# Browsers that won't work?



## JamisBuck (Jan 21, 2002)

Okay, anyone know why Opera 5.x and the Mozilla (0.9.7) browsers won't work with the new messageboards?  I had to download and install Netscape 4.78 to get it to work (I run linux, so I can't use IE).

What happened when using Mozilla is the following:  I would type up my message and hit "submit" (or preview, both did the same thing).  The status bar would say "resolving enworld.org", and then "connected to enworld.org", and then "transmitting data from enworld.org".  And then the browser would just sit and do nothing, for hours on end if I let it (yah, I actually let it sit that long).

Anyone else run into this problem?  It's really frustrating...grrr....


----------



## graydoom (Jan 21, 2002)

Thanee had this problem with Opera 5.x, but resolved it by downloading Opera 6.0.

Mozilla I have no idea about... I barely use it. Since it seems to be having on the Submit and Preview buttons, it most likely has something to do with Javascript or PHP. Or something I'm missing. You really need someone with more technical expertise then me to help you out here.


----------



## Morrus (Jan 21, 2002)

Not something I know anything about, I'm afraid.  I know nothing about either browser. 

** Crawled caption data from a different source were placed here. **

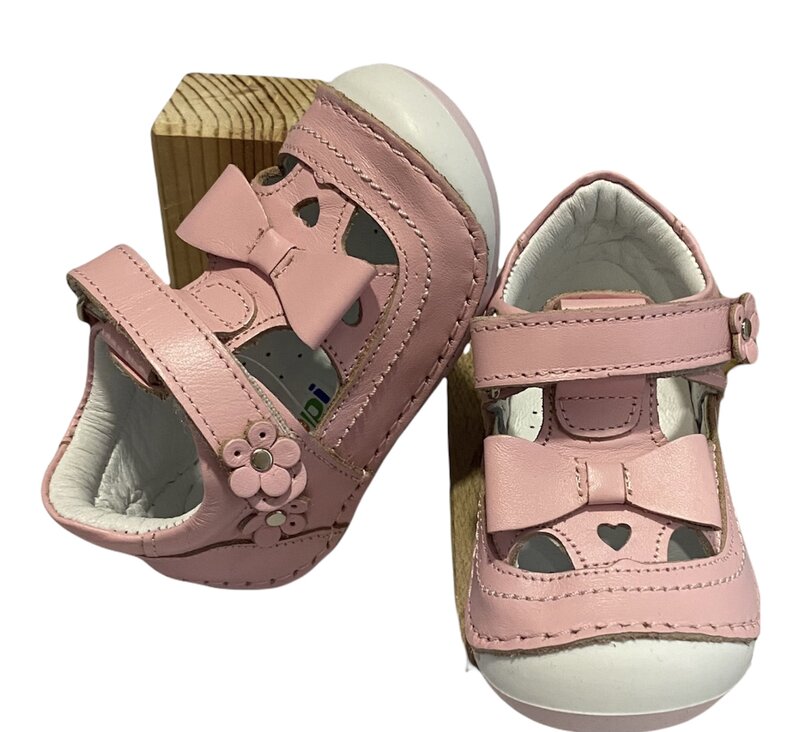 Pappikids-zapatos ortopédicos de cuero para niñas, calzado de primeros pasos, modelo 016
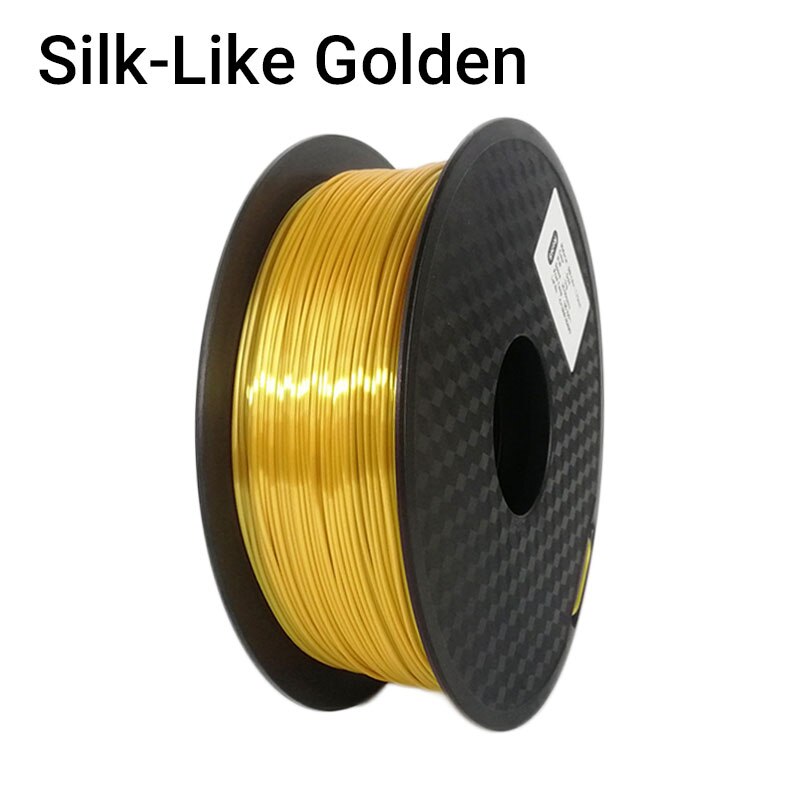 Topzeal Pla Zijde Gloeidraad 1Kg 1.75Mm Golden Zilver Koper Lavendel Roze Zijdeachtige Textuur Gevoel 3D Afdrukken materiaal: Golden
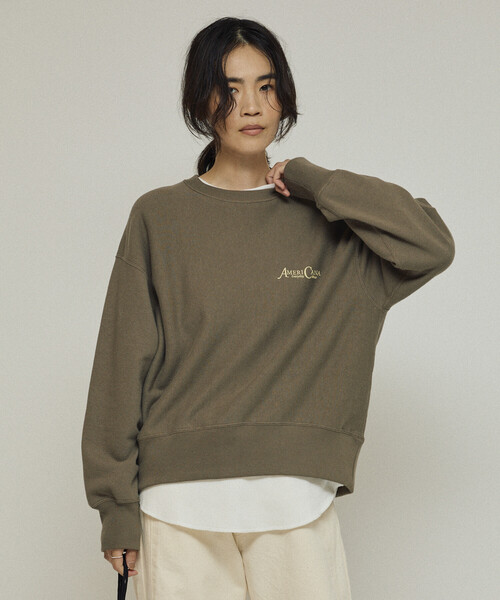 専用AMERICANA/アメリカーナCREW NECK SWEAT アパルトモン AMERICANA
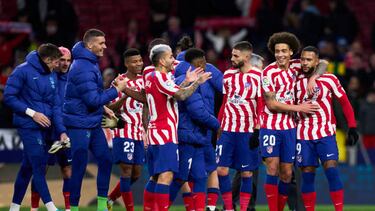 MADRID, SPAIN - JANUARY 21: Memphis Depay of Atletico de Madrid reacts after the game during the LaLiga Santander match between Atletico de Madrid and Real Valladolid CF at Civitas Metropolitano Stadium on January 21, 2023 in Madrid, Spain. (Photo by Diego Souto/Quality Sport Images/Getty Images)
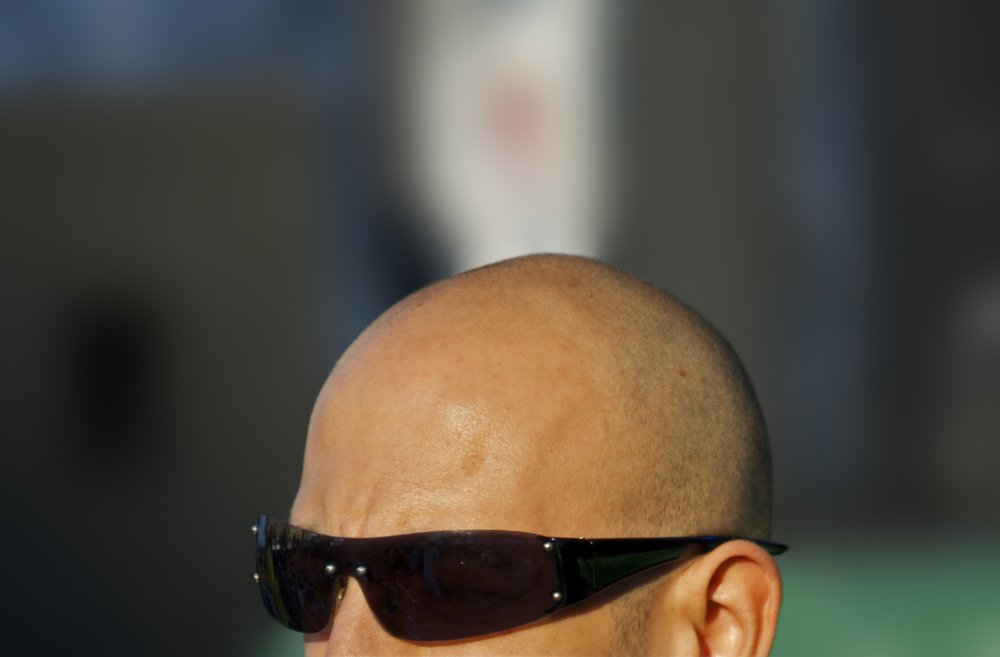 Платок на лысую голову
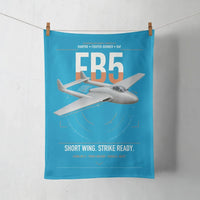 Thumbnail for de Havilland Vampire FB5 design on turquoise towel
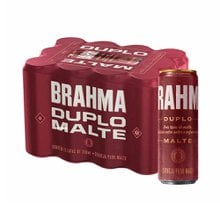 Cerveja Brahma Duplo Malte 350ml Com 12 Unidades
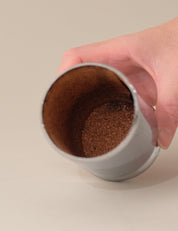 Hellerware CHROME and CORK SLEEVED GLASS TUMBLER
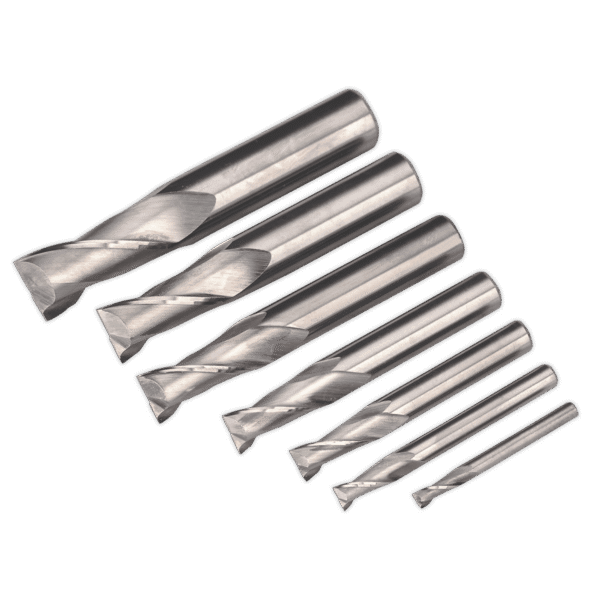 HSS End Mill Set 2 Flute 4-16mm
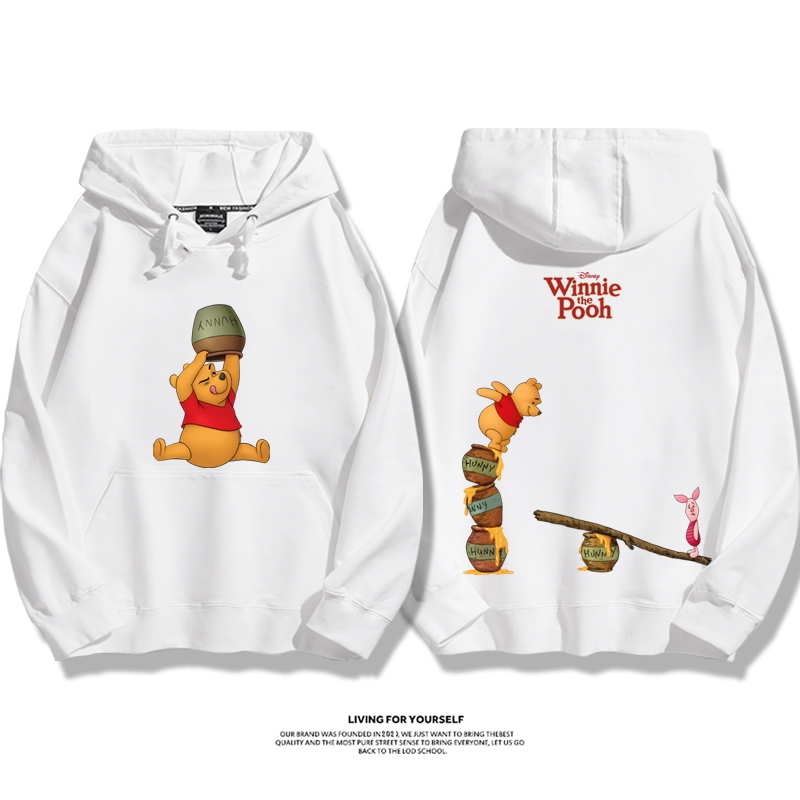 小熊維尼聯名衛衣2025秋冬新款親子情侶裝連帽衛衣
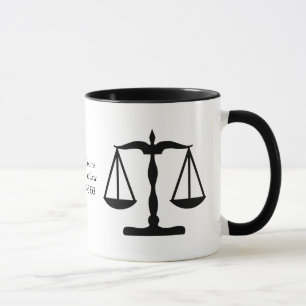 Svart för rättvisafjäll~ mugg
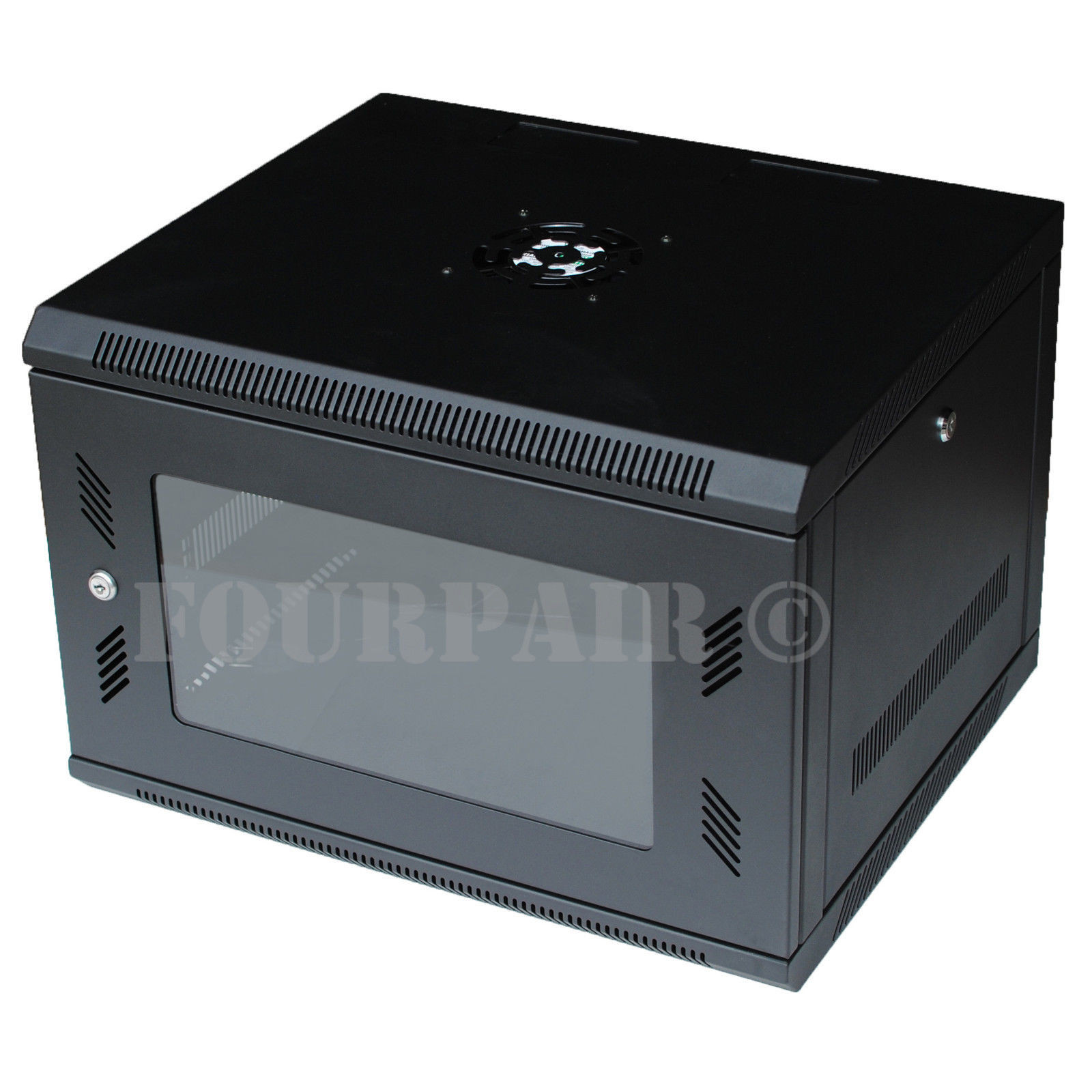 6U IT Wall Mount Network Server Data Cabinet Rack Locking Lock & Key – 24″ Deep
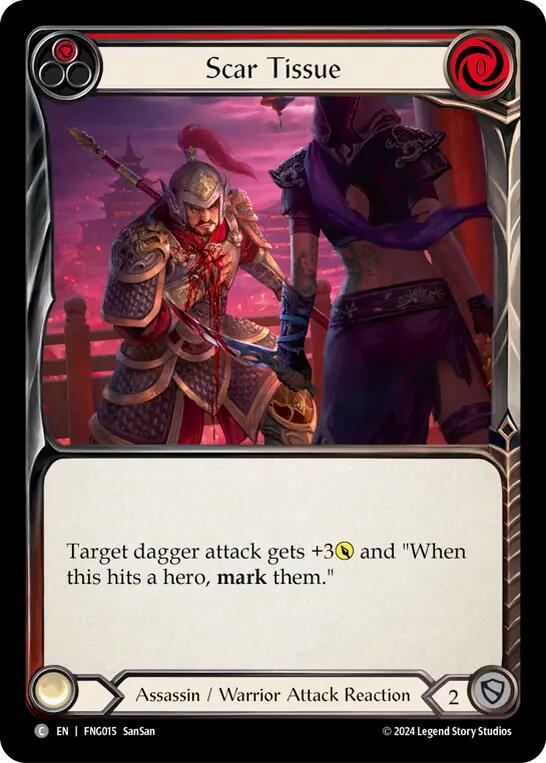 Scar Tissue (Red) [FNG015] (The Hunted Fang Blitz Deck) | Card Citadel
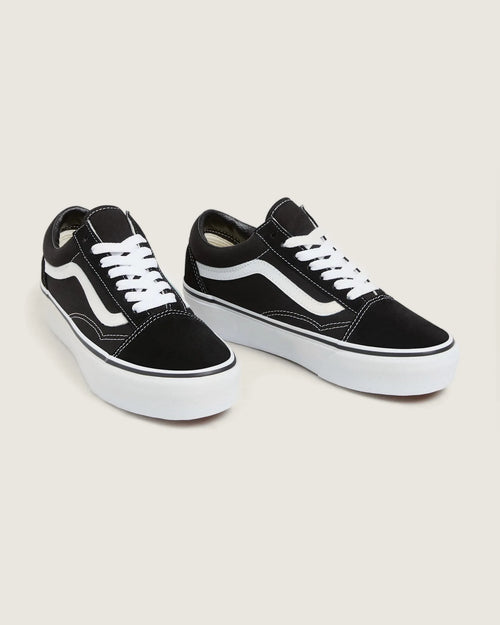 VANS UA Old Skool Platform Black/White kép 2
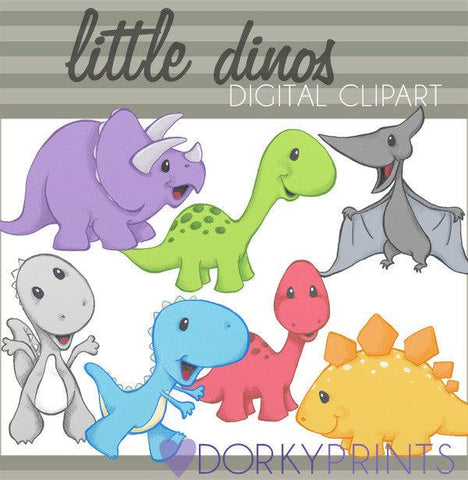 Cute Dinosaur Animals Clipart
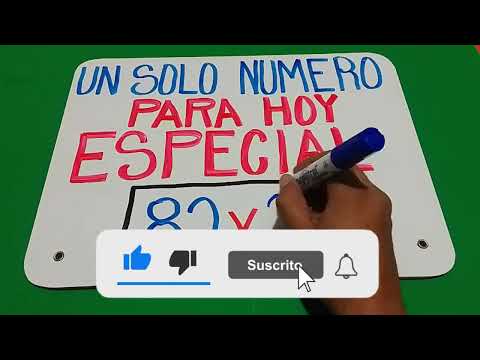 OJO AQUÍ… HOY TENGO UN SOLO NUMERO ESPECIAL PARA TI …!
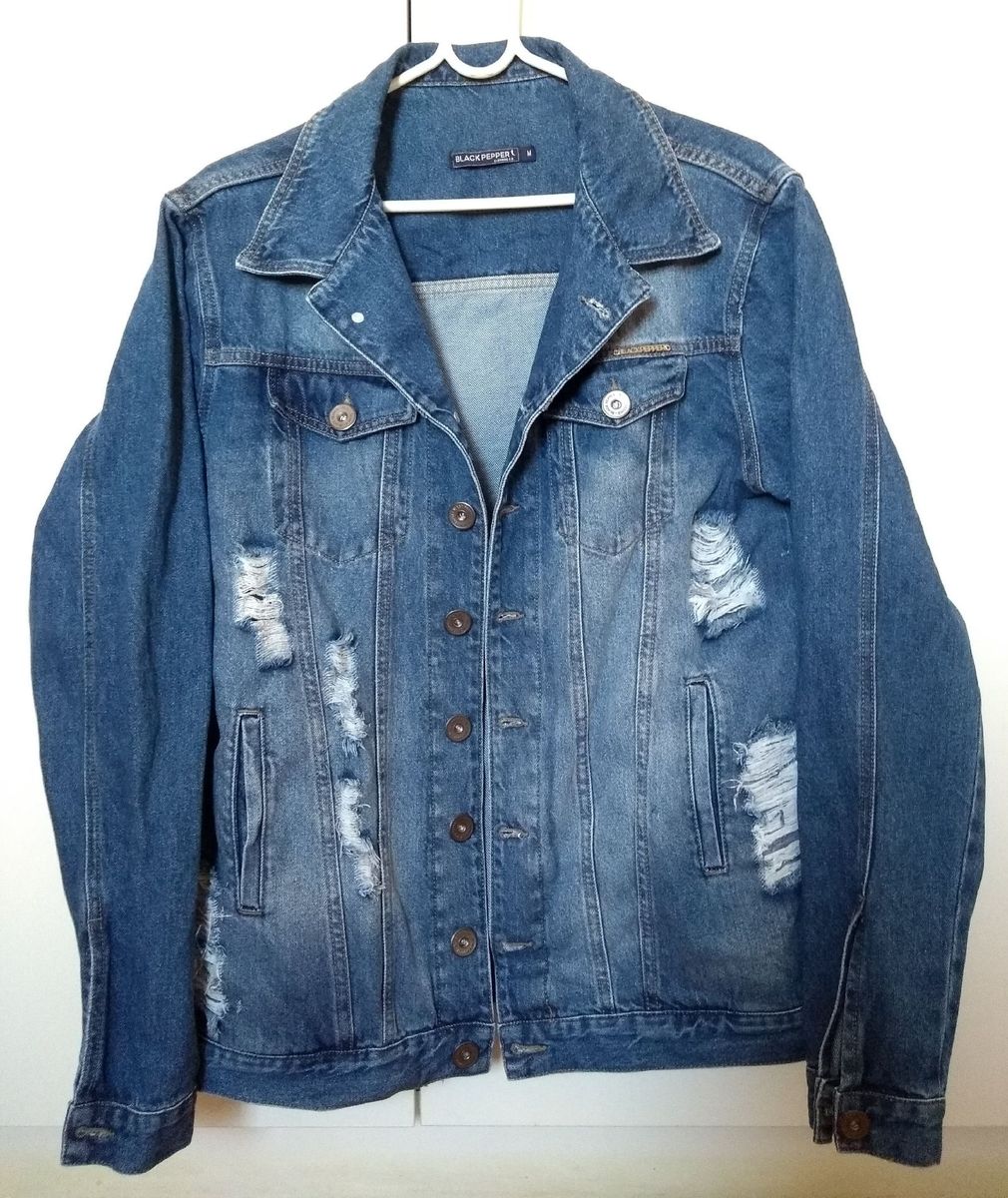 jaqueta jeans masculina enjoei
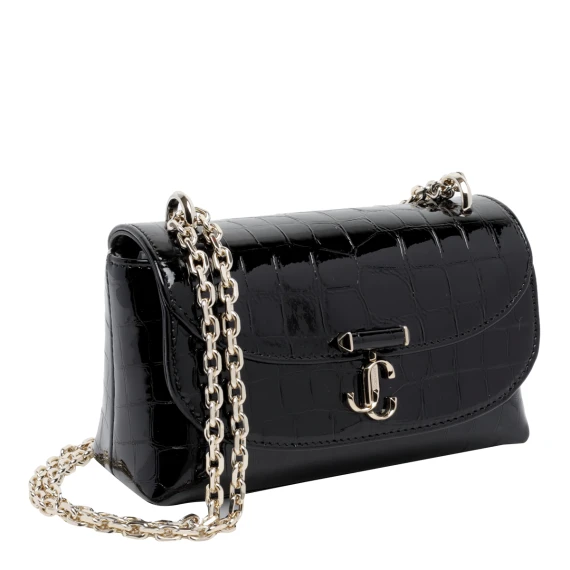 Black Avn Curve Crossbody Bag Jimmy Choo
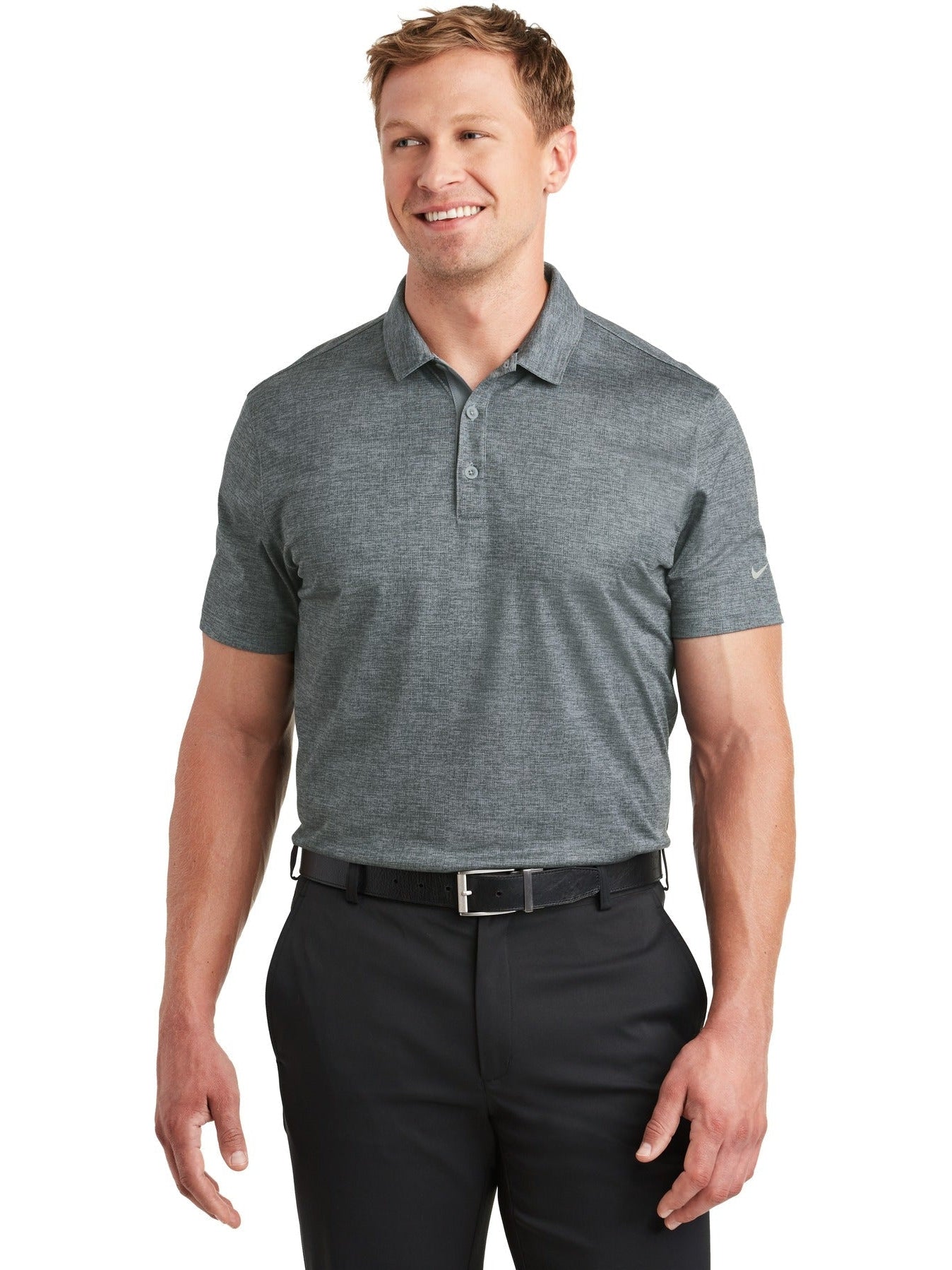 no-logo NIKE Dri-FIT Crosshatch Polo-Regular-NIKE-Thread Logic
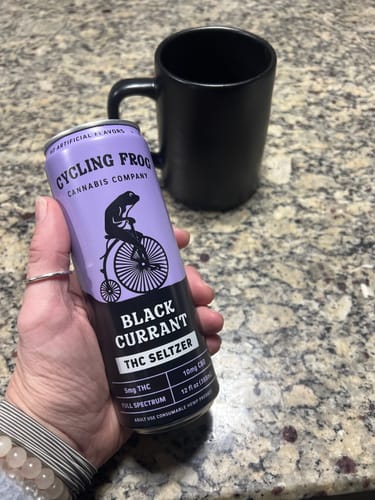 Customer photo review of THC Seltzer Giveaway - Black Currant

But upgrading seems to be working for other people.  Probably worth a shot.


----------



## Superman (Jan 21, 2002)

JamisBuck said:
			
		

> *Okay, anyone know why Opera 5.x and the Mozilla (0.9.7) browsers won't work with the new messageboards?  I had to download and install Netscape 4.78 to get it to work (I run linux, so I can't use IE).
> 
> What happened when using Mozilla is the following:  I would type up my message and hit "submit" (or preview, both did the same thing).  The status bar would say "resolving enworld.org", and then "connected to enworld.org", and then "transmitting data from enworld.org".  And then the browser would just sit and do nothing, for hours on end if I let it (yah, I actually let it sit that long).
> 
> Anyone else run into this problem?  It's really frustrating...grrr....  *




I'm using Netscape 6.2 and every thing seems to be working fine for me.
Netscape 6.2.1 just came out but I haven't downloaded it yet.
http://home.netscape.com/computing/download/index.html?cp=hophb2
It's free too right?


----------



## Superman (Jan 21, 2002)

*Re: Re: Browsers that won't work?*



			
				Superman said:
			
		

> *
> 
> I'm using Netscape 6.2 and every thing seems to be working fine for me.
> Netscape 6.2.1 just came out but I haven't downloaded it yet.
> ...




I just installed 6.2.1
It's seems to be working really well so far.


----------